According to a recent MSN article, “a host of clients had material that was made vulnerable by the hack, including:
• The US departments of state, energy, homeland security and defense.
• The US Postal Service.
• The National Institutes of Health.
• “Fannie Mae” and “Freddie Mac”, the housing giants that fund and guarantee mortgages in the US.”
Additionally, “football’s world governing body, Fifa, had emails in the server that was breached, along with four global banks, three airlines, two multinational car manufacturers, energy giants and big pharmaceutical companies.” The list, the article reports, was “far from exhaustive.”

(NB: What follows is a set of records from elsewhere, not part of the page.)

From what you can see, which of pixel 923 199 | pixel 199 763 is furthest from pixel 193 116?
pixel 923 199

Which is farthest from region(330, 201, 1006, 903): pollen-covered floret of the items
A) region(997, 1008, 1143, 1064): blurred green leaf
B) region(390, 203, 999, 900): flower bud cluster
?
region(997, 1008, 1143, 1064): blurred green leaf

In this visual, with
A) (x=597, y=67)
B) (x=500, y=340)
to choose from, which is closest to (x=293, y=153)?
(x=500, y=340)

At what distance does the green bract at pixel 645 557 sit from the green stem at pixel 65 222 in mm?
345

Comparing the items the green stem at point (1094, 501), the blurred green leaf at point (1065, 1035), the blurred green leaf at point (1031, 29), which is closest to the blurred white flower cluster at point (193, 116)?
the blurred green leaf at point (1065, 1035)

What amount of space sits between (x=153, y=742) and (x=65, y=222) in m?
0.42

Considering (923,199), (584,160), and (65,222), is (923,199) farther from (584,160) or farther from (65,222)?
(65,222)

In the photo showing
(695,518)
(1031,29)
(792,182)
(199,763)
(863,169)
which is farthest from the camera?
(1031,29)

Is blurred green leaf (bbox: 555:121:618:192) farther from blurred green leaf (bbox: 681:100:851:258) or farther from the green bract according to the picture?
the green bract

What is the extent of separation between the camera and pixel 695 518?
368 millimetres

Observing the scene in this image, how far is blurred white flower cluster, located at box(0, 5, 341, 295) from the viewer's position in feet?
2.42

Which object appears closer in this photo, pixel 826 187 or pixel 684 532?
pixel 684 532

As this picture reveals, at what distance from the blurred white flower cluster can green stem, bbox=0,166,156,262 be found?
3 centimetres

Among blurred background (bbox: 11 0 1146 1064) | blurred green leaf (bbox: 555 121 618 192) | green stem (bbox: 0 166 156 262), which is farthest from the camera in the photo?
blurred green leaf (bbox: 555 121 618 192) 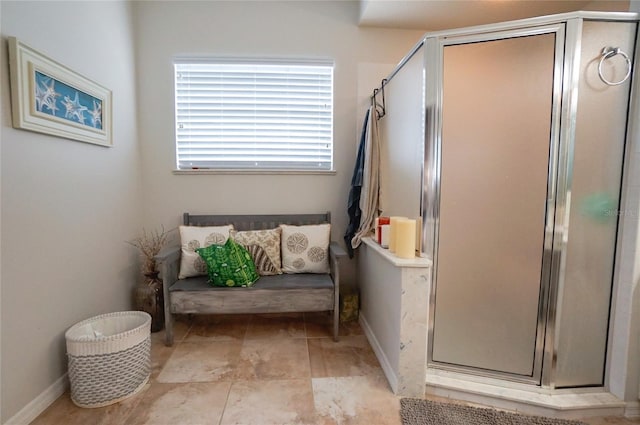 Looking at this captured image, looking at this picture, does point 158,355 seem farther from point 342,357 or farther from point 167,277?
point 342,357

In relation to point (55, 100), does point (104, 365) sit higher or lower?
lower

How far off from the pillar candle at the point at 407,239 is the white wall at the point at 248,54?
3.47ft

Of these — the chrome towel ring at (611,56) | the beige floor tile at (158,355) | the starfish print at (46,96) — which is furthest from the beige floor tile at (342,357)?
the starfish print at (46,96)

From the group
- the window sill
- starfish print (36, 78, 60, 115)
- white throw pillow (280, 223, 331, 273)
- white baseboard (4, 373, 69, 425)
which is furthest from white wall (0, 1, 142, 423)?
white throw pillow (280, 223, 331, 273)

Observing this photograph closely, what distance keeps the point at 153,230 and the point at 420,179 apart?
2.22 m

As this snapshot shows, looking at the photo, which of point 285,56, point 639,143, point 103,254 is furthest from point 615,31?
point 103,254

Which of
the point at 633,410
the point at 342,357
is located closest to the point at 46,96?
the point at 342,357

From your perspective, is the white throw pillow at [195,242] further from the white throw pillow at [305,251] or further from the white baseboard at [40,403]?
the white baseboard at [40,403]

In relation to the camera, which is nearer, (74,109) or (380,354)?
(74,109)

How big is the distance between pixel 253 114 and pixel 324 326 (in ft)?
6.28

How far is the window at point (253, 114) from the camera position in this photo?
7.89 feet

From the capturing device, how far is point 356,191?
231 centimetres

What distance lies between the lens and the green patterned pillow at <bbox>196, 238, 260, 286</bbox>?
196 centimetres

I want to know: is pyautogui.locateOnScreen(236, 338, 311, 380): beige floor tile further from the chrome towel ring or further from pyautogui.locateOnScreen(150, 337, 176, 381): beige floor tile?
the chrome towel ring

Are there any remedies for any of this in sight? Originally, we wrote of the then-new administration that Pymnts.com said “controversy will abound” with any alleged solutions, since “the overall surveillance push — who is watching what and monitoring who is saying what, where and when is likely to be a centerpiece of Trump’s cybersecurity agenda… One tell is that the (then) nominee for the directorship of the CIA, Mike Pompeo, currently a Republican representative from Kansas, has stated support for strong surveillance measures. Both he and Trump’s attorney general nominee, Jeff Sessions, Republican senator from Alabama, have said they oppose at least some of the civil liberty protections set in place with the 2015 USA Freedom Act.”
But will any such opposition to civil liberties help protect digital data? Pymnts seems to think the jury is likely still out: “more germane to data protection (and, by extension, payments) are issues surrounding encryption. There’s scattered evidence about how Trump feels about the issue, tied to a few public statements.”

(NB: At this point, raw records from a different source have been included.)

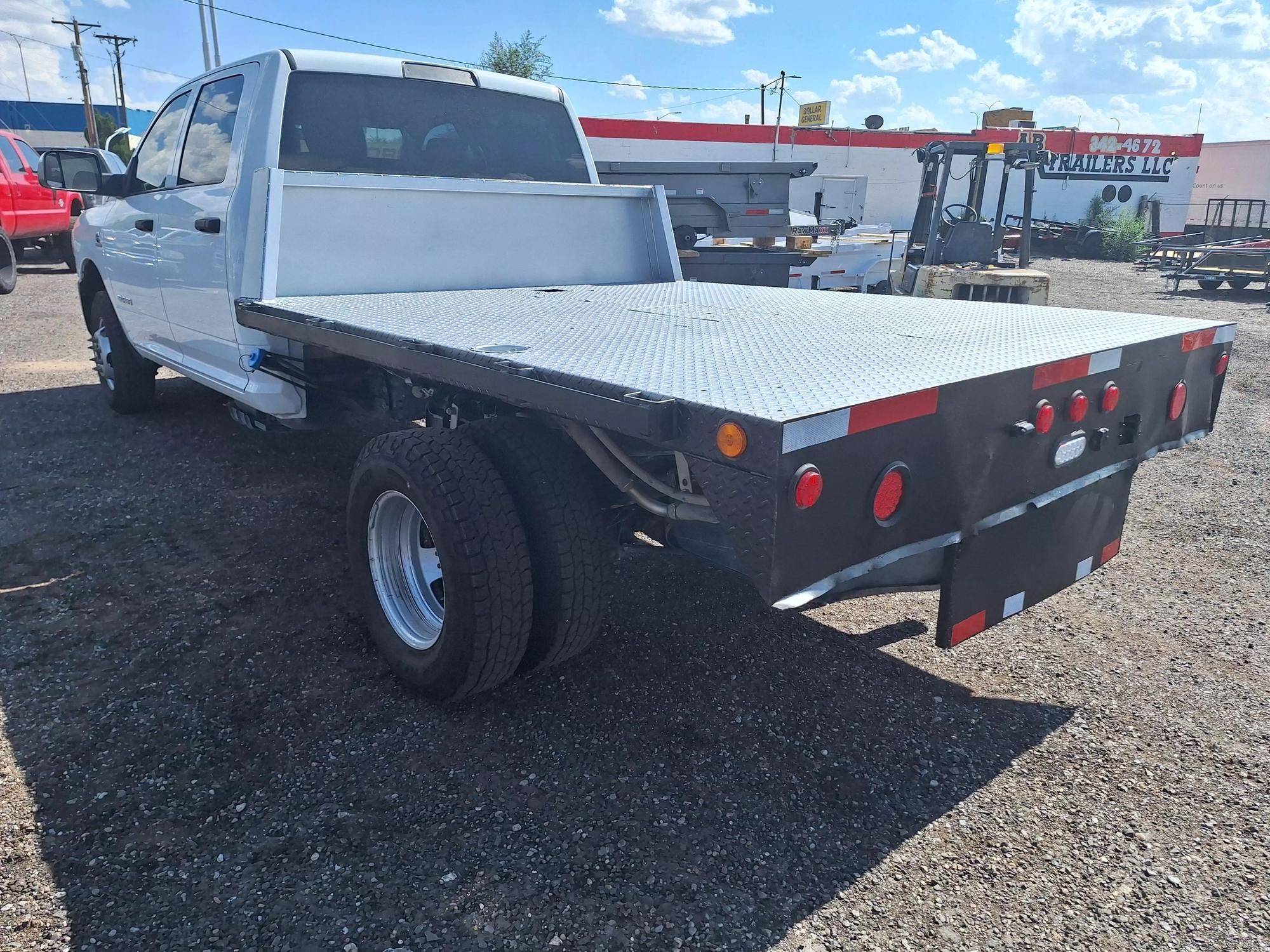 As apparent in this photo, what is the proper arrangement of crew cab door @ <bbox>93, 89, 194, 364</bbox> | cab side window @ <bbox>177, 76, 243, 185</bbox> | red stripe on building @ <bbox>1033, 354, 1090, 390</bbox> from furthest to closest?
crew cab door @ <bbox>93, 89, 194, 364</bbox>, cab side window @ <bbox>177, 76, 243, 185</bbox>, red stripe on building @ <bbox>1033, 354, 1090, 390</bbox>

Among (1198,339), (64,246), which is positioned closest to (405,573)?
(1198,339)

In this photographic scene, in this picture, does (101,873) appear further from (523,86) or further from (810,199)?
(810,199)

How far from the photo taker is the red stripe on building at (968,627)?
2625mm

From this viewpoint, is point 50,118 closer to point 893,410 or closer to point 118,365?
point 118,365

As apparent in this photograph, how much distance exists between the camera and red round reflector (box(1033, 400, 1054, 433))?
2.46 metres

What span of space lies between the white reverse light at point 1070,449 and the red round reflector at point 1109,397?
0.43 feet

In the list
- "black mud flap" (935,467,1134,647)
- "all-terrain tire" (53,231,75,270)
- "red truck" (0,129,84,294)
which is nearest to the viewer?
"black mud flap" (935,467,1134,647)

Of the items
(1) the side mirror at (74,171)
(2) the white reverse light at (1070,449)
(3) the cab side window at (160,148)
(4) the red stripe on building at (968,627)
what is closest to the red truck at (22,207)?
(1) the side mirror at (74,171)

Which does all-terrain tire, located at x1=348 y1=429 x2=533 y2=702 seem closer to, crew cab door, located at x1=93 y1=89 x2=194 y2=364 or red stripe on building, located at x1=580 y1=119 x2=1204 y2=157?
crew cab door, located at x1=93 y1=89 x2=194 y2=364

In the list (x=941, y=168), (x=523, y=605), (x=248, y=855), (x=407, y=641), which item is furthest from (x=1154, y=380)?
(x=941, y=168)

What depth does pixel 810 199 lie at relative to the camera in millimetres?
29719

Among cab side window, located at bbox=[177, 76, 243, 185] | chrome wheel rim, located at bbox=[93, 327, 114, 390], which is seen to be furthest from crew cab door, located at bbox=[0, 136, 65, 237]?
cab side window, located at bbox=[177, 76, 243, 185]

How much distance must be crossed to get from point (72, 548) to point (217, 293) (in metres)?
1.49

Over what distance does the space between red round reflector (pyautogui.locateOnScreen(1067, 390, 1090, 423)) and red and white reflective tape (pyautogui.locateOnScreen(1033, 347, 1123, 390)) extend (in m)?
0.05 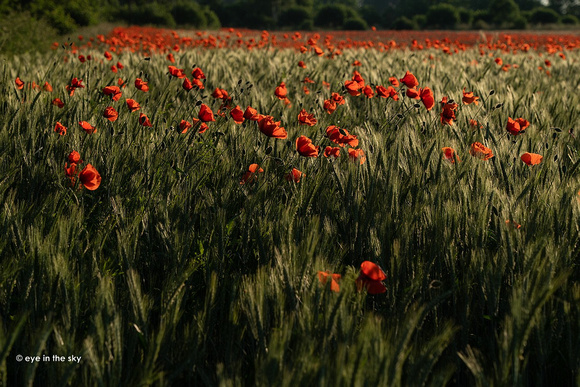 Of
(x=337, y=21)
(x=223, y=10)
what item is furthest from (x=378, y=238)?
(x=223, y=10)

And now that we’ve had a “Category 5” breach mere months after that report? Well. “Senate Banking Committee Chairman Mike Crapoasked the heads of the Federal Reserve, Federal Deposit Insurance Corp. and Office of the Comptroller of the Currency whether they have or need authority to help ensure credit bureaus are adequately protecting consumers’ information. ‘I am concerned there may be a gap with respect to supervision of credit reporting agencies for data security standards,’ the Idaho Republican wrote to Fed Chair Janet Yellen, Acting OCC chief Keith Noreika and FDIC Chairman Martin Gruenberg.
“Crapo’s letter suggests that lawmakers might consider giving the Fed, FDIC or OCC more prominent roles in regulating Equifax and its competitors. The Consumer Financial Protection Bureau is the only federal agency that currently supervises Equifax and has officials inside the company conducting exams,” the Bloomberg article reminds us.
Though in terms of tangible actions, the current administration has sought to defund the CFPB, and took one more step regarding Equifax since the breach: They’ve given them a contract to provide digital security for the IRS. That’s right.
As Politico reports, “the IRS will pay Equifax $7.25 million to verify taxpayer identities and help prevent fraud under a no-bid contract issued last week, even as lawmakers lash the embattled company about a massive security breach that exposed personal information of as many as 145.5 million Americans.” There’s more at the link, and no, this isn’t an April Fool’s post either.
FURTHER UPDATE: After we went to press on this update, the IRS announced that in the face of public pressure (and discovery of additional malware on its website!), that it was “temporarily suspending the $7.2 million, no-bid contract.” We shall see how long “temporary” means in this instance.
We will update you further as we head into 2018, and eventually review more of this year, too. Meanwhile, Halloween looms and the holiday season and shopping frenzy is upon us.
We’ll be reporting the economic indicators, the adoption of new payment technologies, and keep an eye out for those breaches. If we’re lucky, perhaps 2017 has given us its last surprises in the “hacking” department. But then again, it appears to be a year perpetually full of surprises.